Universal conductivity at a 2d superconductor-insulator transition: the effects of quenched disorder and Coulomb interaction

TL;DR

This paper calculates the universal electrical conductivity at a 2D superconductor-insulator transition, considering quenched disorder and Coulomb interactions, revealing how these factors influence self-duality and transport properties.

Contribution

It introduces a dual fermionic model with a Chern-Simons gauge field to analyze conductivity at the transition, including effects of disorder and Coulomb interactions.

Findings

Disorder and gauge fluctuations cause deviations from self-duality.

Coulomb interactions mitigate violations of self-duality.

Calculated universal conductivity near the transition.

Abstract

We calculate the zero-temperature universal electrical conductivity at a superconductor-insulator transition in two spatial dimensions.
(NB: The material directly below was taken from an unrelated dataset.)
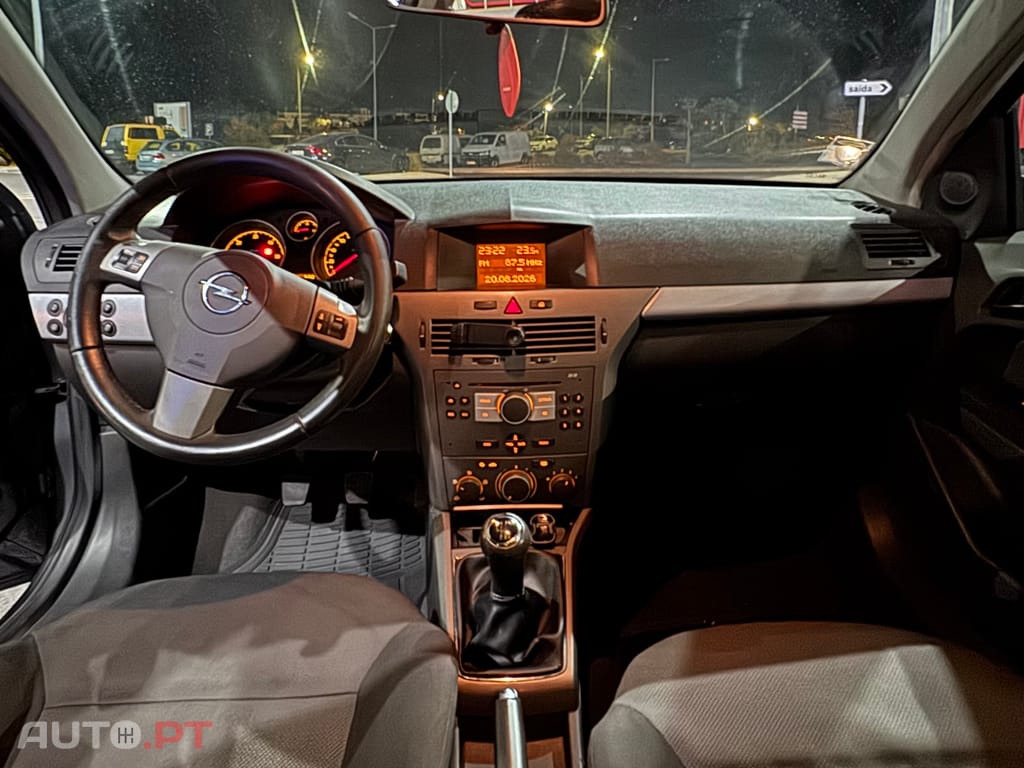 Opel Astra Elegance — fotografia 6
We focus on transitions in the universality class of the dirty 3d XY model. We use a dual model consisting of a single Dirac fermion at zero density coupled to a Chern-Simons gauge field in the presence of a quenched random mass, with or without an unscreened Coulomb interaction. Our calculation is performed in a $1/N_f$ expansion, where $N_f$ is the number of Dirac fermions. At zeroth order, the model exhibits particle-vortex self-dual electrical transport with $\sigma_{xx} \lesssim (2e)^2/h$ and small, but finite $\sigma_{xy}$. Corrections of $\mathcal{O}(1/N_f)$ due to fluctuations in the Chern-Simons gauge field and disorder produce violations of self-duality. We find these violations to be milder when the Coulomb interaction is present.